I put high in quotation marks because yes, in this context it could mean 10.5 inches.
Waists stop at 34? In general, that strategy is a good idea, I think. I had a chat with DCG at Squeeze along these lines last week. They make a 48 short in some of the more tailored cuts (as do Brooks in some Milano fits, etc.), but you can’t get a 38 long. At the time of the conversation, there were three of us in the store who were 38 longs (I’ve dropped a size).
A few years ago there were plans to release I.S. chinos featuring a (true) high waistline with tapered legs. I remember something happened with the contract manufacturer and we ended up getting ties instead… Any chance at reviving the attempt?
The rise, like it has been pointed out doesn’t look as proportionally high as it purports to be. Saying that it’s quite good to know in a post-RL RUGBY world these brands are having success with 90s prep, that keeps a flame alive. Unfortunately the type of angle it appears to be coming from is the 90s lo-life/hip hop angle, which although does have a lot of crossover isn’t really offering the staple Ivy items most of us are after. If they start doing ‘big oxfords’ and healthy fitting chinos with 13 inch rises then we might start having needs met, but I’m not sure the Wu-Tang Clan ever really work that look?
@GS, thanks for the link. I’d be interested to try these on and see what the fit is actually like, but I think most of the speculators here are probably right; it doesn’t look like the rise could be anywhere close to the 12″ or more most of us are looking for.

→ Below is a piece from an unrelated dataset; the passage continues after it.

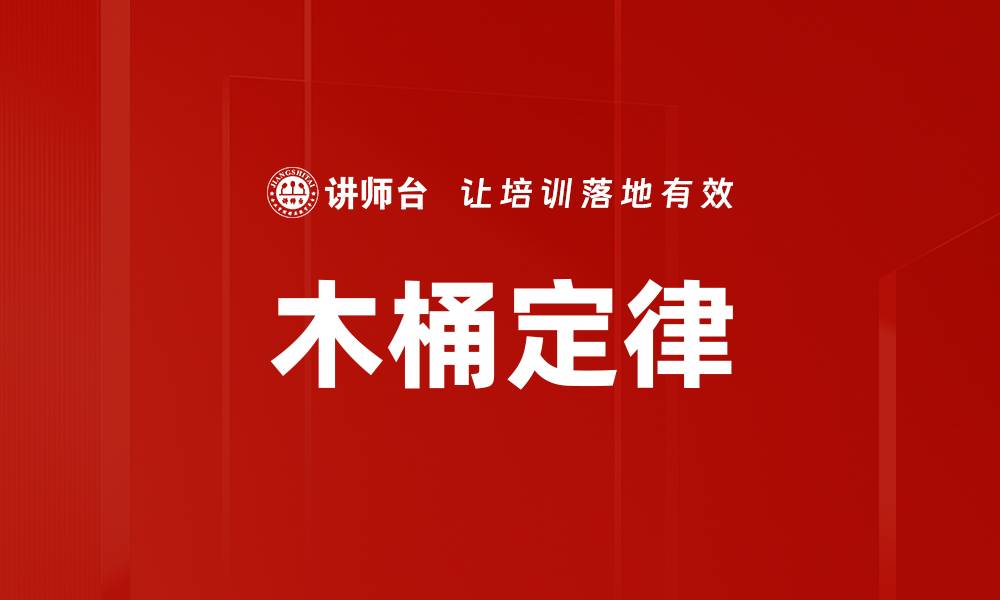 文章木桶定律：如何提升团队整体效率与协作能力的缩略图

I can confirm that the new A&F gear was intriguing. Lots of fair isle sweaters, down jackets and chinos—stuck me as a very 70s Japan “Rugged Ivy” vibe. I’m intrigued by the archive pants, but here’s where I voice my own grievance that a 34 length isn’t even an option. At least they don’t seem to have stretch, which has become epidemic.
The waist and length limits suggest they’re still targeting boys, not men.

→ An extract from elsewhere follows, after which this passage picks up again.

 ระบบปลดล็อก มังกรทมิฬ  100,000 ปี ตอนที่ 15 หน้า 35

AF was a wonderful and unique New York store, until it went broke in the late 1970s, after being in business for 85 years. It was the American equivalent of London’s Purdey or Holland and Holland. Not only did it sell shotguns and fishing rods to the elite, it carried fine clothing, such as sport coats made by Norman Hilton. It was Hemingway’s favorite shop; he bought his safari gear there, and (supposedly)the shotgun which he used to kill himself. After it went bankrupt, Oshman’s Sporting Goods bought the name and turned it into a shopping mall chain store.
Well you didn’t get ties instead, that was a completely different project with a different partner!

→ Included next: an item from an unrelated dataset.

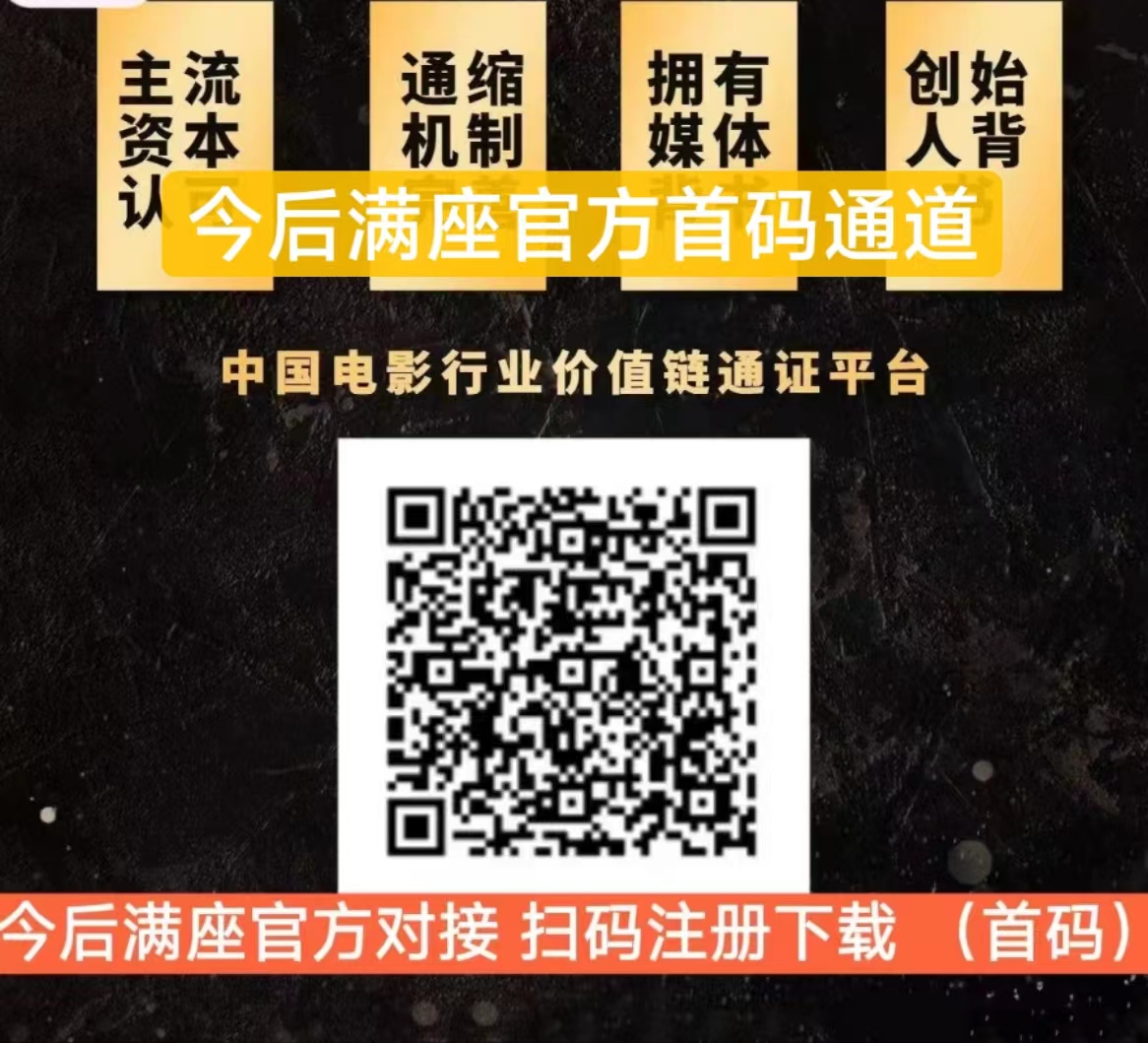 今后满座打卡第4天，收益6.7影票，卖掉可直接变现-首码网-网上创业赚钱首码项目发布推广平台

The khaki project was with Bill Thomas, then at Bills Khakis. He’s at Duck Head now. I’ll mention it and see if they’re interested.
In related news, I spoke last week with a partner about developing an affordable made-in-Asia, probably MTM, Ivy-styled suit. It looks in theory that they can hit the major cut points, including a full rise with tapered leg. Stay tuned.
I see the mention in the comments about J. Press as “Squeeze.” Back in the early 60’s, the nickname in my prep school for A&F was “Evergrabby and Squeeze.” Also, I remember reading in the NYTimes a little bit after that about whoever, I think, was the maestro running Lincoln Center, who was under attack for not controlling costs, that one evening the stage hands were having trouble moving the very heavy sets around, and he had sent someone over to A&F to bring back several dozens of tennis shoes so the stagehands wouldn’t slip.
Has anyone had good luck with tapering a pair of higher rise pants? Say tapering a pair of Bills M1?
I have had good results with tapering higher rise suit pants from Brooks, but have not tried the experiment with Khakis. I agree that M1s, which are otherwise great, could be improved by a judicious tapering. I think it runs around $35 or so at Brooks. Locally, it cost me $25.
I don’t think I’ve shopped at A&F since 2006 or so. Definitely a step in the right direction. Now if they could deliver an affordable OCBD with a decent collar, then that would be a game changer.